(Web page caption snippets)
________________
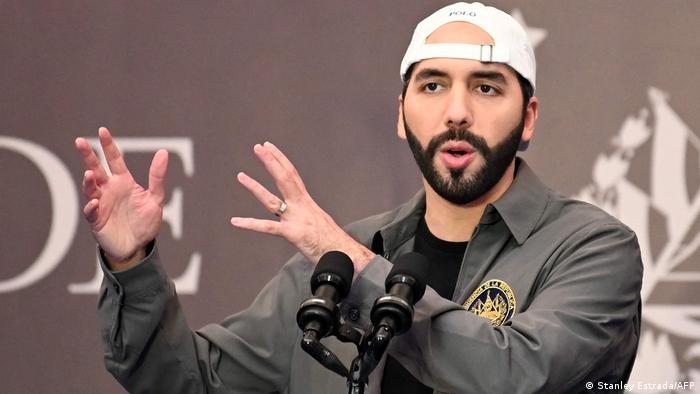 Presiden-El-Salvador-Nayib-Bukele.jpg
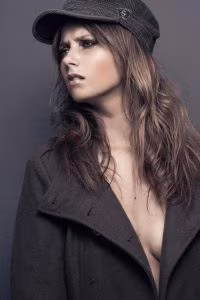 Nikita-Klæstrup-Nude-Sexy-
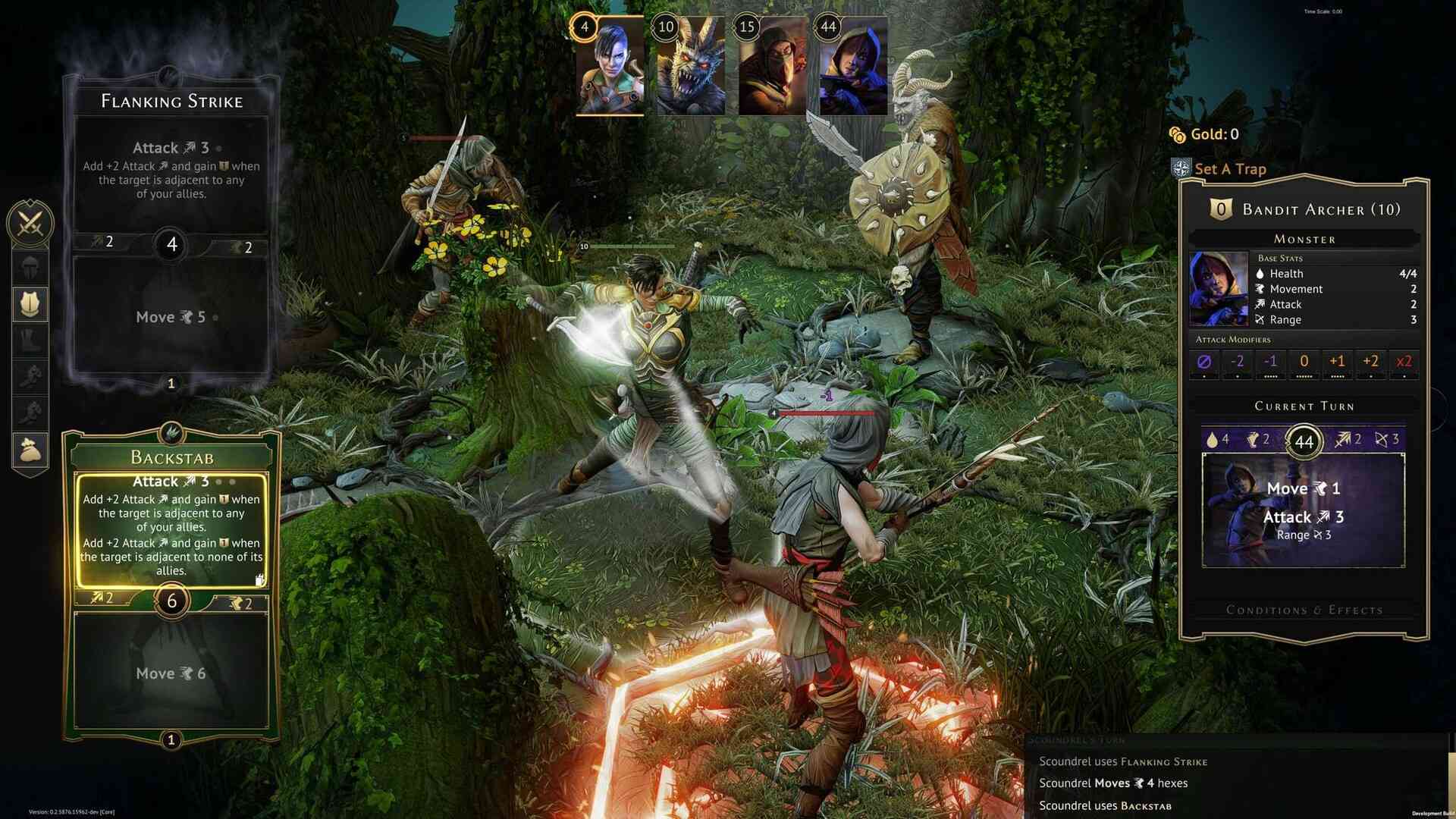 幽港迷城/Gloomhaven_5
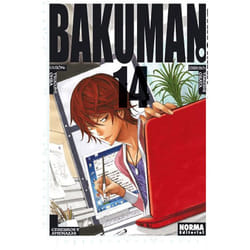 ISBN 9788467910704 livre comédies & nouvelles graphiques Espagnol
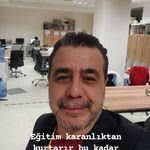 Can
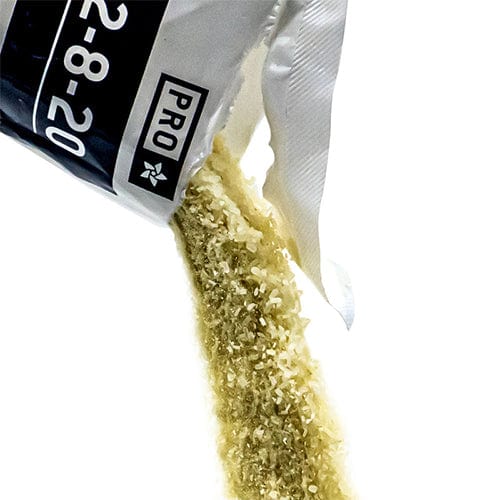 Athena - Pro Grow - London Grow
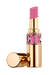 Rouge Volupte Shine N 52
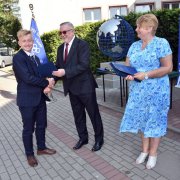 Zakończenie roku szkolnego 2022/2023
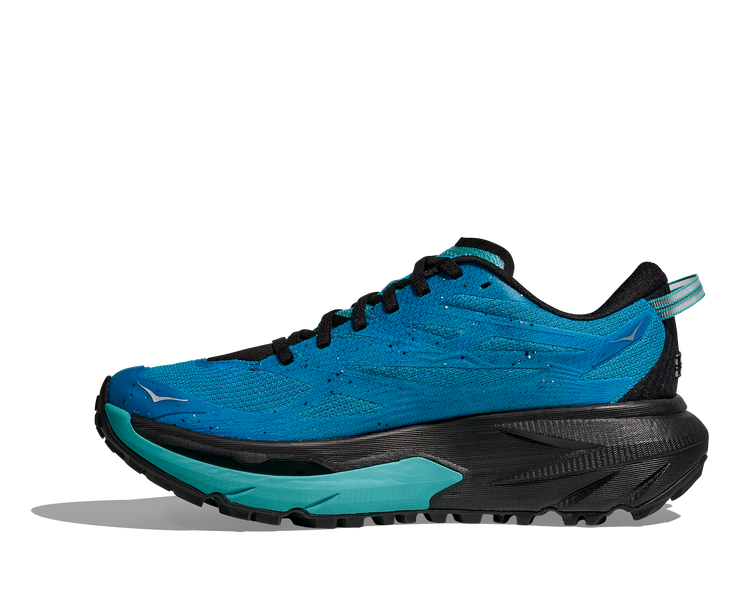 Hoka - Men&
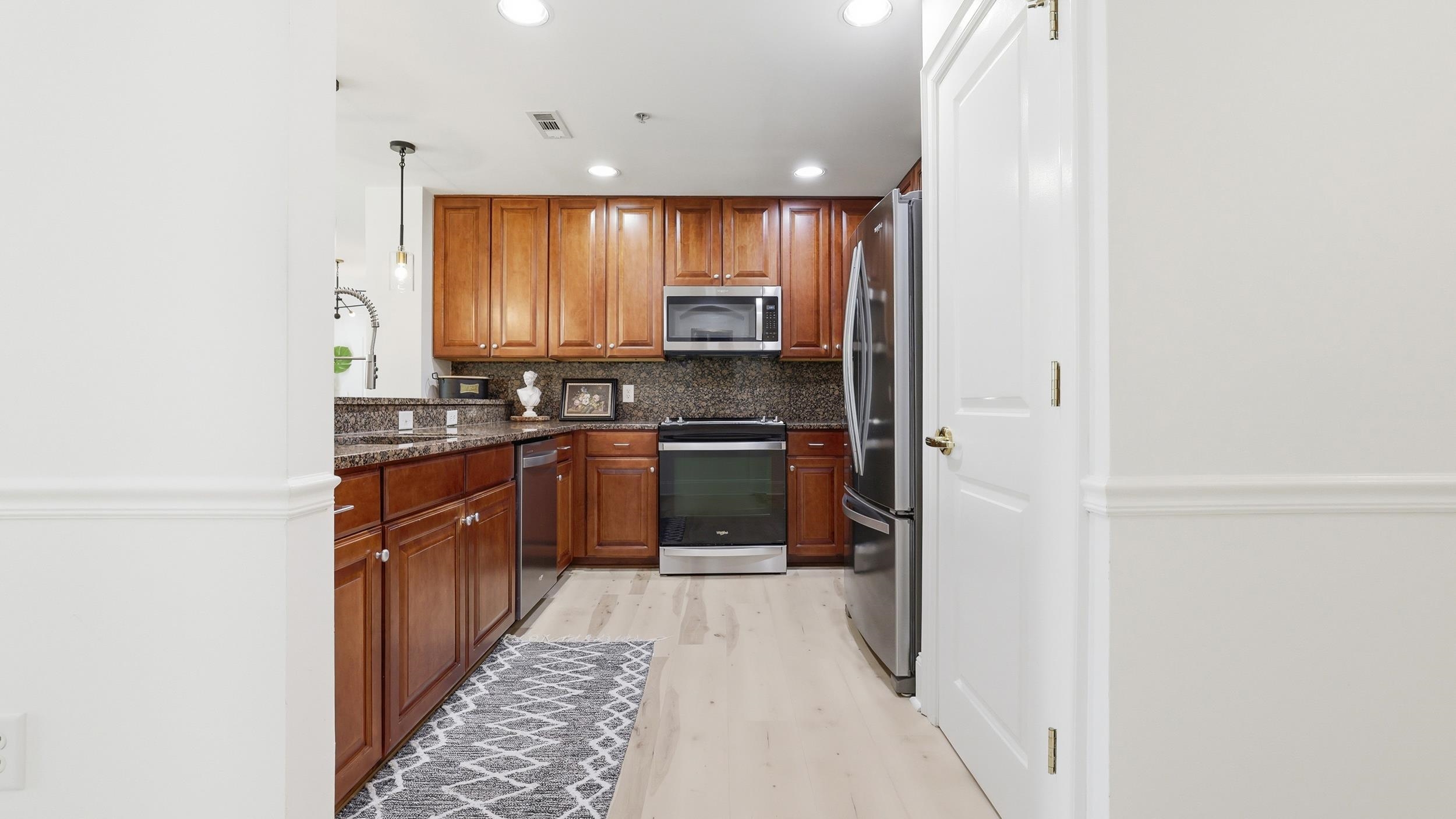 1313 Villa Marbella Ct. Property Photo 21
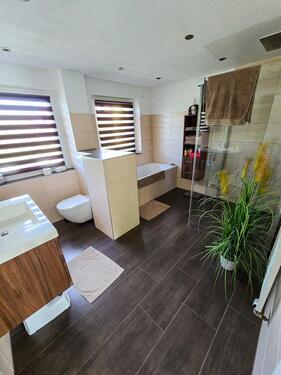 Foto - 3 Zimmer Reihenhaus in Lengede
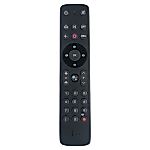T-MOBILE HY4403, HY4415, HY4402 Skyworth - originální dálkový ovladač s hlasovým ovládáním 2. jakost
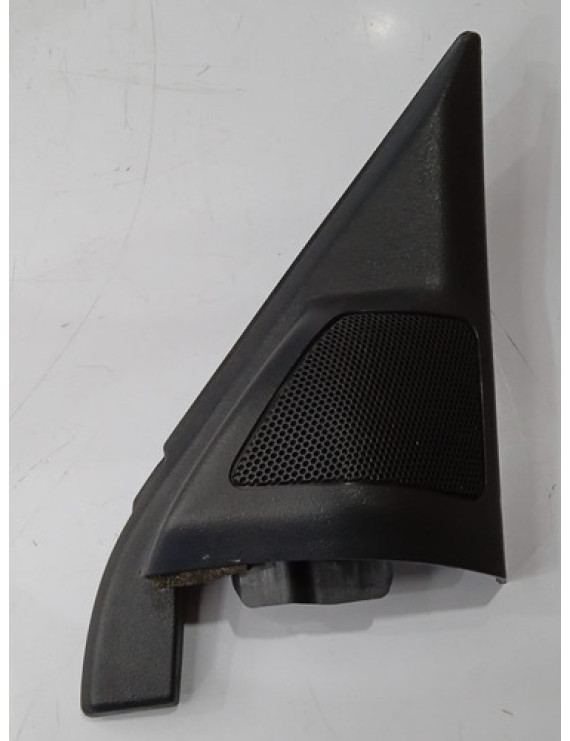 Tweeter Retrovisor Direito Pajero Full 2012 2013 2014 2015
________________
Your answer should be an exact copy of the entries above, with no images included.

 Presiden-El-Salvador-Nayib-Bukele.jpg
 Nikita-Klæstrup-Nude-Sexy-
 幽港迷城/Gloomhaven_5
 ISBN 9788467910704 livre comédies & nouvelles graphiques Espagnol
 Can
 Athena - Pro Grow - London Grow
 Rouge Volupte Shine N 52
 Zakończenie roku szkolnego 2022/2023
 Hoka - Men&
 1313 Villa Marbella Ct. Property Photo 21
 Foto - 3 Zimmer Reihenhaus in Lengede
T-MOBILE HY4403, HY4415, HY4402 Skyworth - originální dálkový ovladač s hlasovým ovládáním 2. jakost
 Tweeter Retrovisor Direito Pajero Full 2012 2013 2014 2015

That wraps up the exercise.